+++ Given information +++

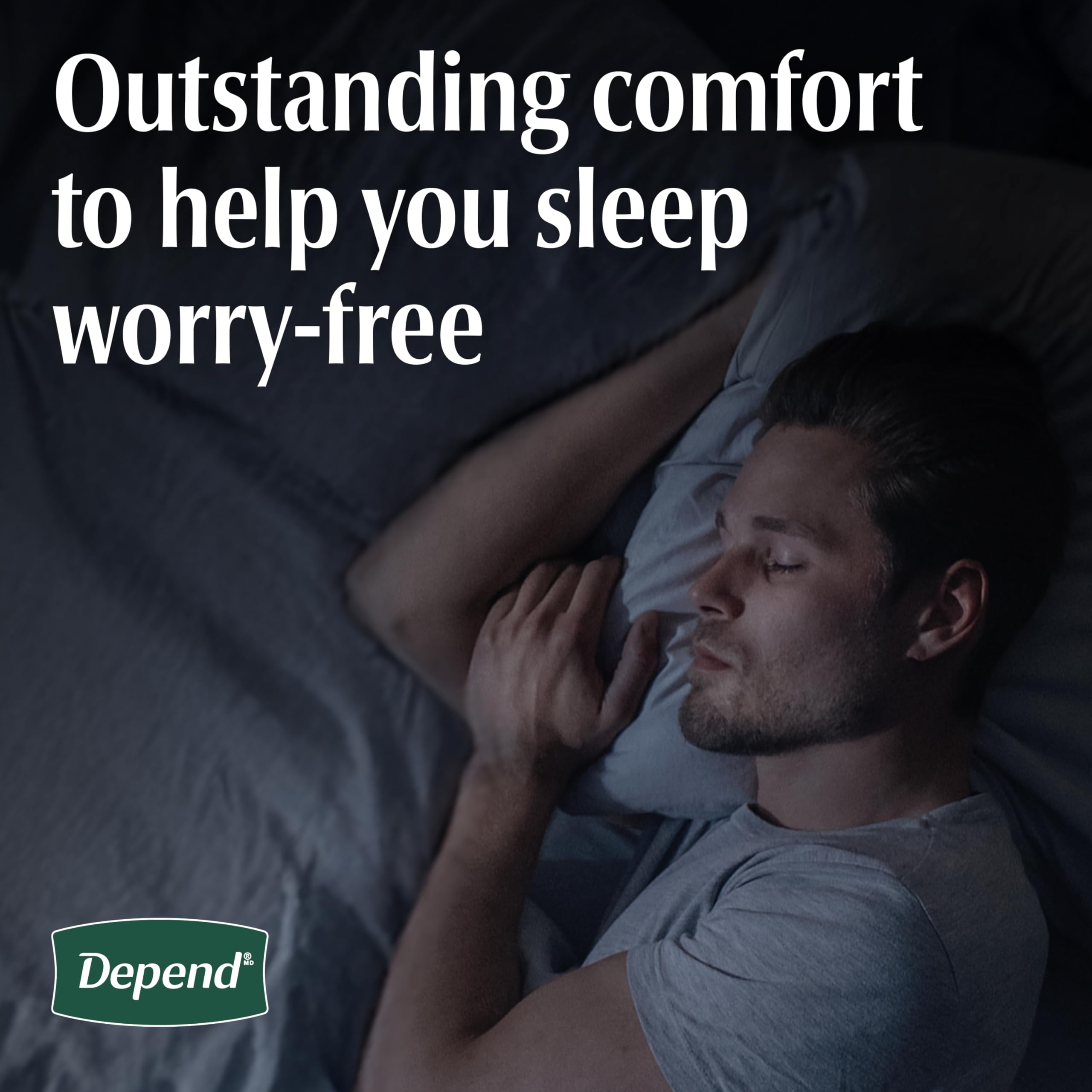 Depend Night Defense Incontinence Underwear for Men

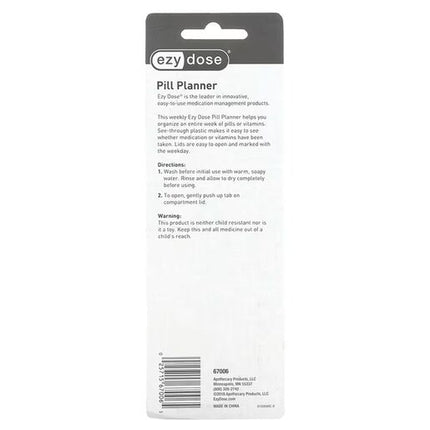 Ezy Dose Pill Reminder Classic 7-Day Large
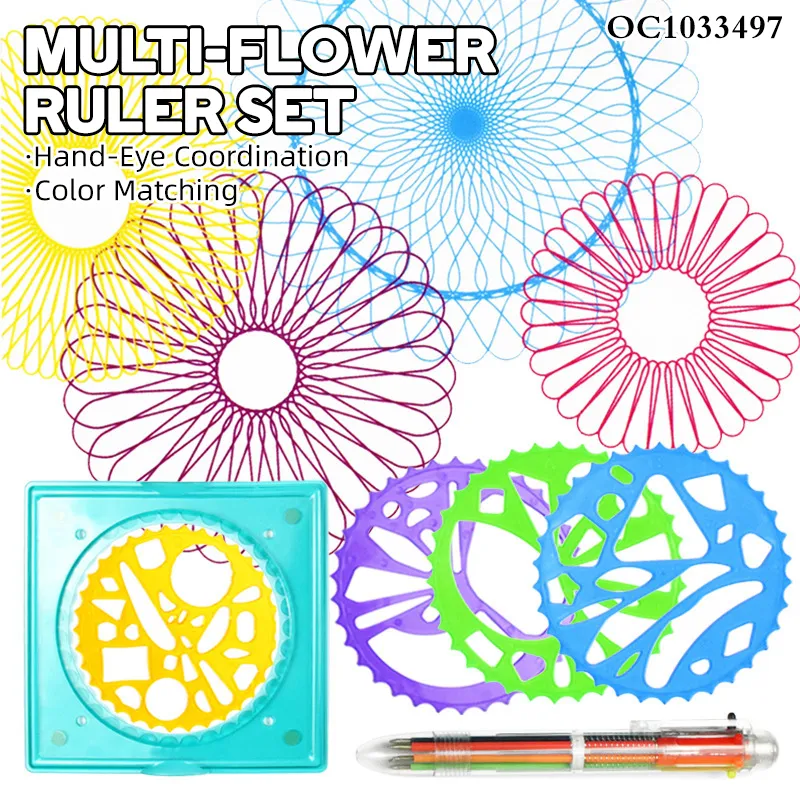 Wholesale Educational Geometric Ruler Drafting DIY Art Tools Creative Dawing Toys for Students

+++

# [Assignment]
The lines from the one containing "Ezy Dose Pill Reminder Classic 7-Day Large" through the end of the data above are to be copied exactly, both ends included, and pictures are to be omitted.

# [Task output]
 Ezy Dose Pill Reminder Classic 7-Day Large
 Wholesale Educational Geometric Ruler Drafting DIY Art Tools Creative Dawing Toys for Students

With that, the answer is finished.